What you will do: Copy the data that follows exactly, and include none of its images.

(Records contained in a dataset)
*** Block opens ***
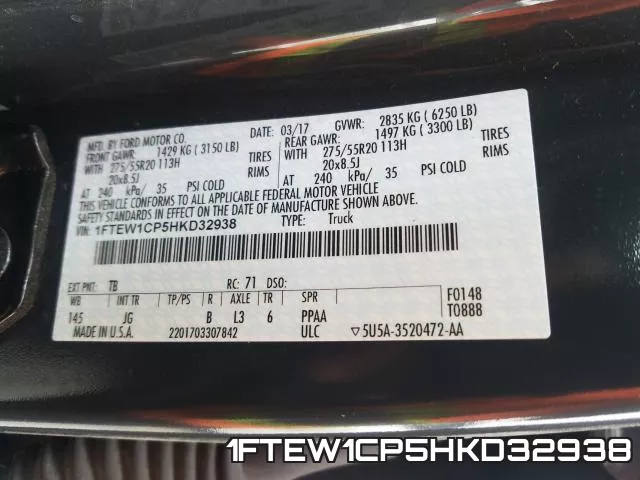 1FTEW1CP5HKD32938 фото 2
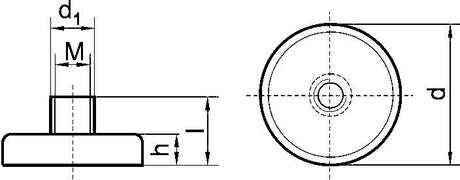 Maner magnetic plat cu bucsa filetata, Ø 10mm, inaltime 11.5mm, M3, BELOH - sefira.ro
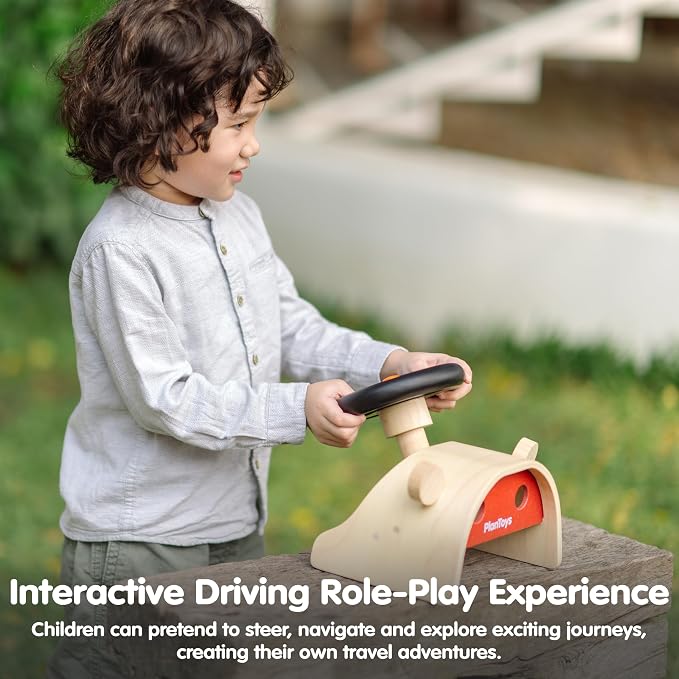 PlanToys® Wooden Driving Console Montessori Kids Pretend Play Dashboard Toy | steering wheel gear shift controls, wooden driving console, montessori pretend play dashboard, role play coordination, kids t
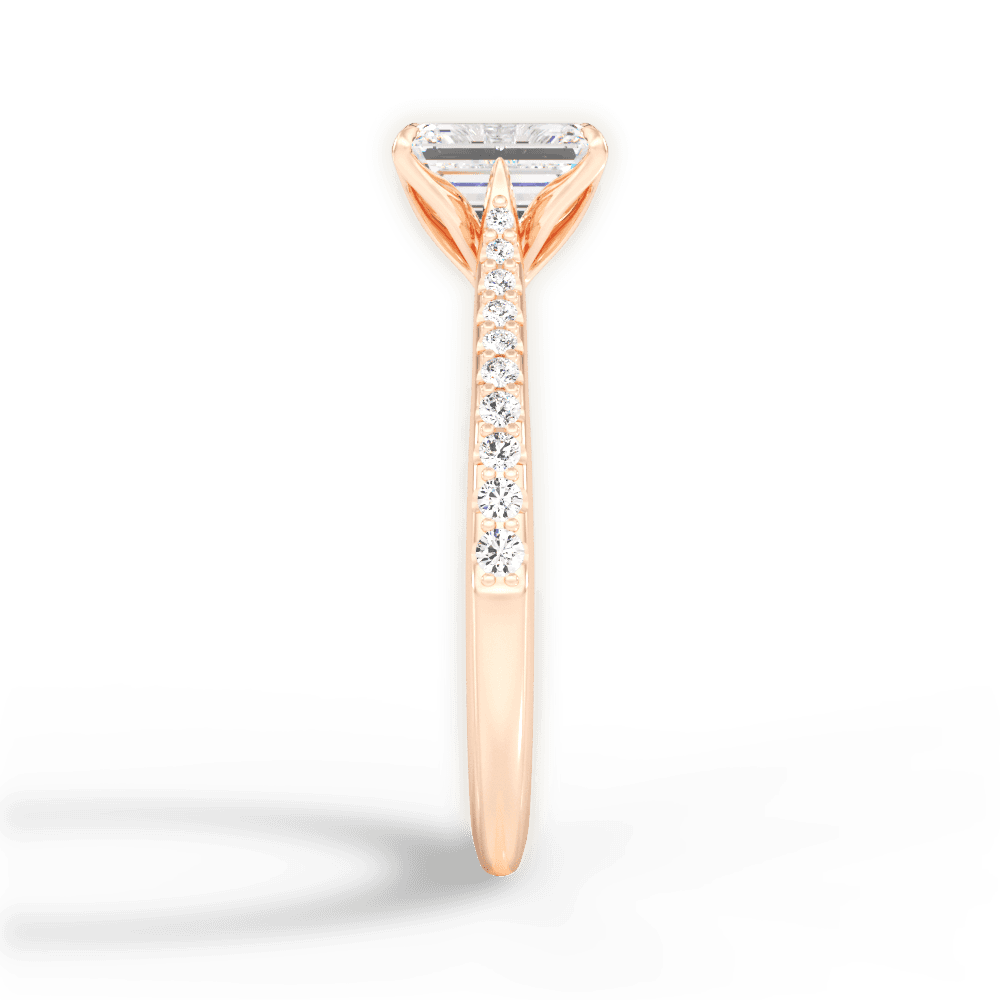 Danielle Emerald Cut Lab Grown Diamond 18Kt Rose Gold Engagement Ring - View 3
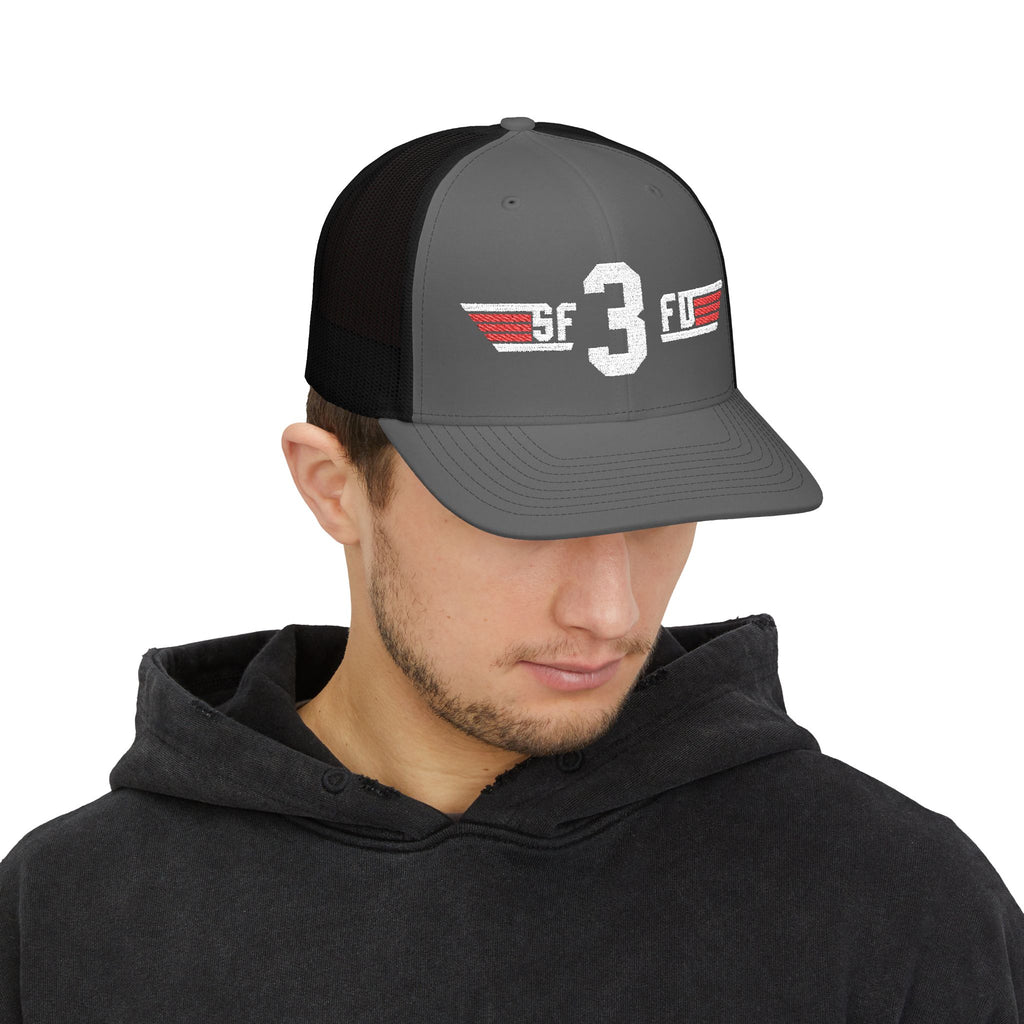 Embroidered '3' Firefighter Wings Snapback Trucker Cap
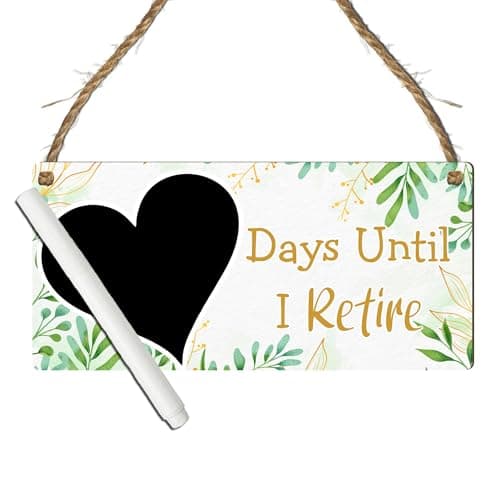 Image of Days Until I Retire Countdown Plaque - Decorative Hanging Sign with Multiple Retirement-Themed Designs | Countdown Chalkboard Sign, (Green Leaves, With Pen, Small: 19 cm (H) × 9 cm (W))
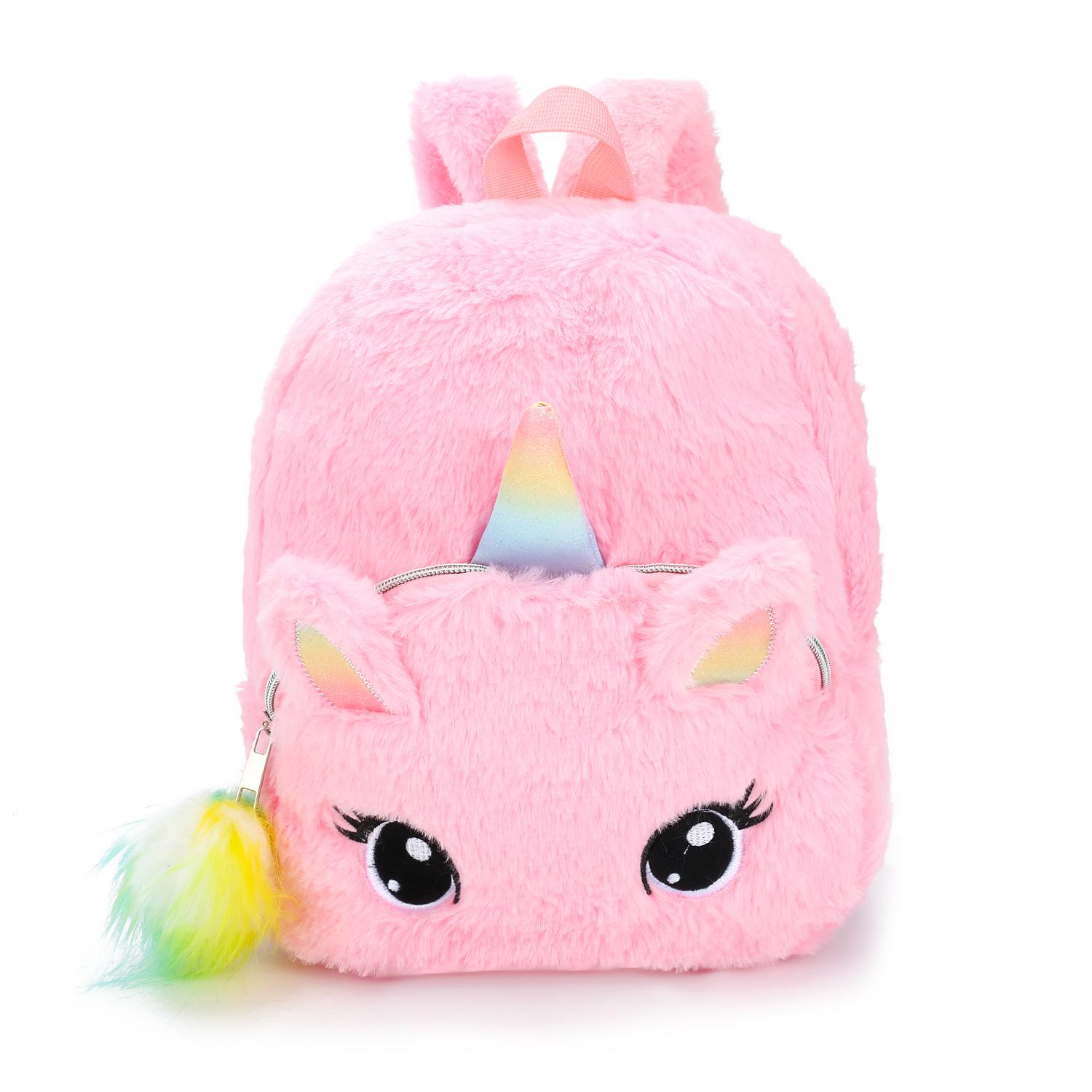 Einhorn Plüsch Big Eyed Rucksack Weiches Plüsch Spielzeug Kindergarten Kinder Cartoon Rucksack Kleine Mädchen Tasche Rucksack von Joom DACH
*** Block closes ***
Result below:
 1FTEW1CP5HKD32938 фото 2
 Maner magnetic plat cu bucsa filetata, Ø 10mm, inaltime 11.5mm, M3, BELOH - sefira.ro
 PlanToys® Wooden Driving Console Montessori Kids Pretend Play Dashboard Toy | steering wheel gear shift controls, wooden driving console, montessori pretend play dashboard, role play coordination, kids t
 Danielle Emerald Cut Lab Grown Diamond 18Kt Rose Gold Engagement Ring - View 3
 Embroidered '3' Firefighter Wings Snapback Trucker Cap
 Image of Days Until I Retire Countdown Plaque - Decorative Hanging Sign with Multiple Retirement-Themed Designs | Countdown Chalkboard Sign, (Green Leaves, With Pen, Small: 19 cm (H) × 9 cm (W))
 Einhorn Plüsch Big Eyed Rucksack Weiches Plüsch Spielzeug Kindergarten Kinder Cartoon Rucksack Kleine Mädchen Tasche Rucksack von Joom DACH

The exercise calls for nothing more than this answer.